ArbG Frankfurt am Main (Entscheidung vom 29.01.2020; Aktenzeichen 2 Ca 5722/19)

 

Tenor

Auf die Berufung des Klägers wird das Urteil des Arbeitsgerichts Frankfurt am Main vom 29. Januar 2020 - 2 Ca 5722/19 - abgeändert und

die Beklagte verurteilt, dem Kläger zur Ausübung seiner Tätigkeit als Fahrradlieferant ein internetfähiges Mobilfunkgerät mit einem Datennutzungsvertrag mit 2 GB Datenvolumen monatlich zur Verfügung zu stellen;

die Beklagte verurteilt, dem Kläger zur Ausübung seiner Tätigkeit als Fahrradlieferant ein verkehrstüchtiges Fahrrad zur Verfügung zu stellen.

Von den erstinstanzlichen Kosten des Rechtsstreits hat der Kläger 13 % und die Beklagte 87 % zu tragen. Die Kosten der Berufung hat die Beklagte zu tragen.

Die Revision wird zugelassen.

 

Tatbestand

Die Parteien streiten auch in der Berufungsinstanz noch darum, ob die Beklagte dem Kläger zur Ausübung seiner Tätigkeit als Fahrradlieferant ein verkehrstüchtiges Fahrrad und ein internetfähiges Mobiltelefon mit einem Datennutzungsvertrag zur Verfügung stellen muss.

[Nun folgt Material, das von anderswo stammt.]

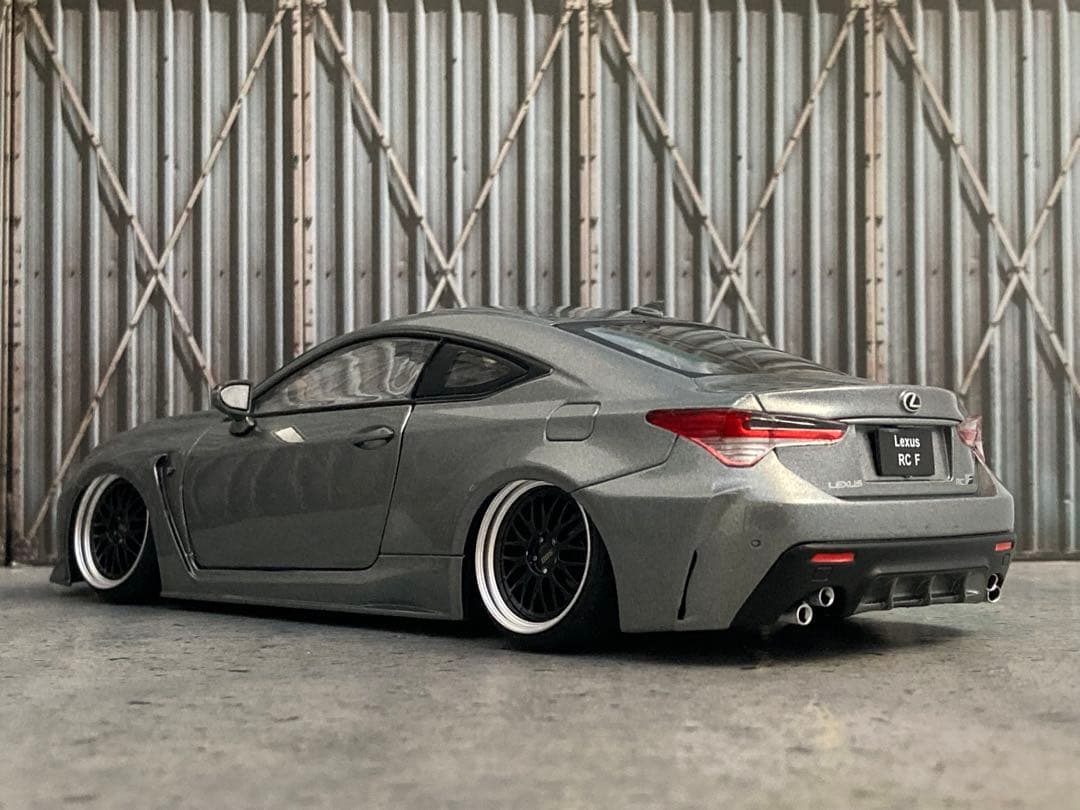 1/24 LEXUS RC Ｆ（カスタム品）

Der Kläger ist bei der Beklagten bzw. ihrer Rechtsvorgängerin seit dem 13. Dezember 2016 als Fahrradlieferant beschäftigt und liefert als solcher Speisen und Getränke für die Beklagte aus, wobei ihm die Einsatzpläne und die Adressen der Restaurants, von denen er eine Lieferung ausfahren soll ebenso wie die Kundenadressen per A App auf sein Smartphone mitgeteilt werden. Laut vom Kläger vorgelegter Beschreibung der App im Google Play Store verbraucht diese üblicherweise bis zu 2 GB Datenvolumen pro Monat.

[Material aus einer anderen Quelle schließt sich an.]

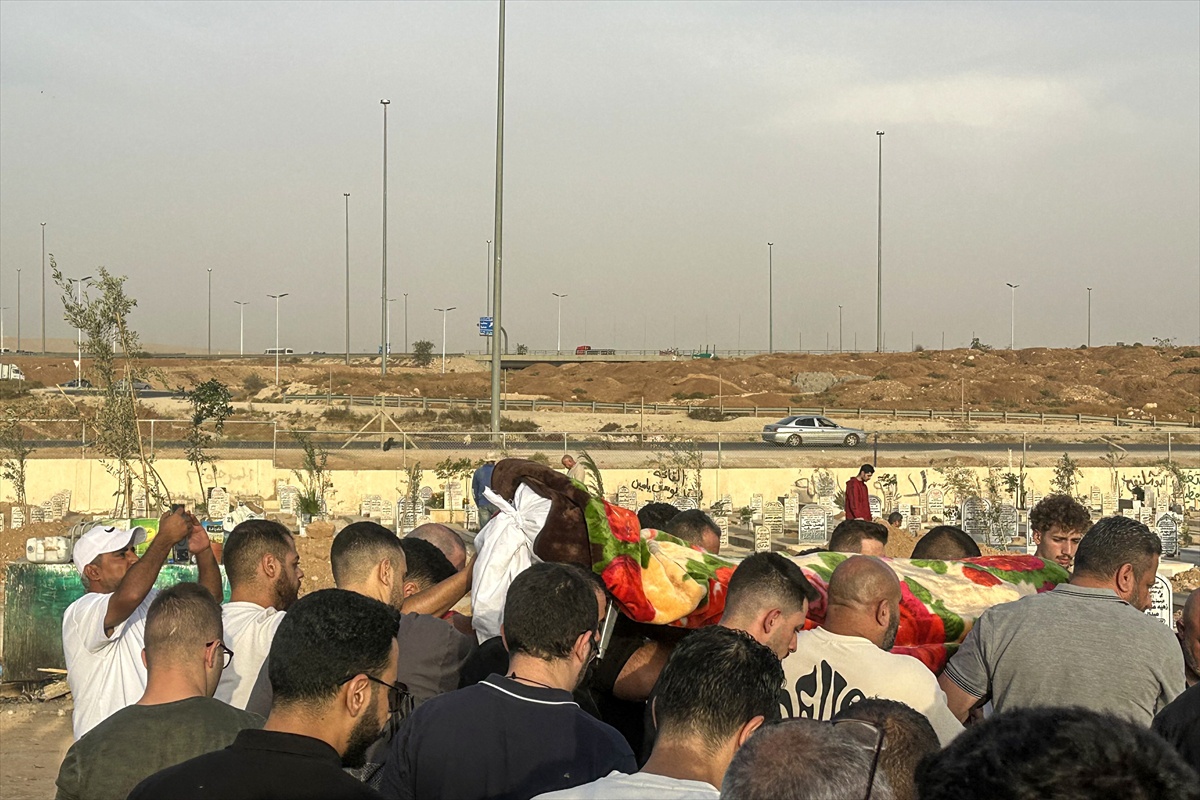 Husilerin Riyad havalimanına saldırısında ölen Ürdünlü Amman'da toprağa verildi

Der Kläger nutzt für seine Tätigkeit sein eigenes Fahrrad und sein eigenes Mobiltelefon.

Das Arbeitsverhältnis des Klägers mit der Rechtsvorgängerin der Beklagten war zunächst befristet, ein schriftlicher Arbeitsvertrag wurde insofern nicht zur Akte gereicht. Unter dem 11. März 2017 schlossen der Kläger und die Rechtsvorgängerin der Beklagten einen im Rechtstreit von den Parteien als „Pfandvertrag“ bezeichneten Vertrag über die Überlassung von Arbeitsmaterialien an den Kläger, bei dem der Kläger die Überlassung bestimmter Gegenstände durch den Arbeitgeber bestätigt hat und die Einbehaltung eines Pfands von 100 € zur Absicherung der Rückgabe vereinbart wurde. Wegen der Einzelheiten wird auf Bl. 91 der Akte Bezug genommen.

Am 10. Dezember 2018/11. Januar 2019 schlossen die Rechtsvorgängerin der Beklagten und der Kläger einen schriftlichen Arbeitsvertrag, der in § 2 Abs. 3 folgendes geregelt:

„Dem Arbeitnehmer wird ausschließlich für den Einsatz während der Schichten Equipment von B gestellt, die Art des Equipments ist im Pfandvertrag geregelt. Dafür wird ein Pfand vom Arbeitgeber einbehalten. Das Equipment ist unmittelbar nach Beendigung des Arbeitsverhältnisses zurückzugeben.“

§ 17 Abs. 2 lautet:

„Mündliche Nebenabreden bestehen nicht. Änderungen oder Ergänzungen dieses Vertragsverhältnisses bedürfen zu ihrer Wirksamkeit der Schriftform. Dies gilt auch ausdrücklich für die Änderung oder Aufhebung der Schriftformklausel selbst. Ausgeschlossen sind damit insbesondere Vertragsänderungen durch betriebliche Übung.“

Wegen des erstinstanzlichen Parteivorbringens im Übrigen, ihrer Anträge, des vom Arbeitsgericht festgestellten Sachverhalts und des arbeitsgerichtlichen Verfahrens wird auf den Tatbestand des angefochtenen Urteils verwiesen.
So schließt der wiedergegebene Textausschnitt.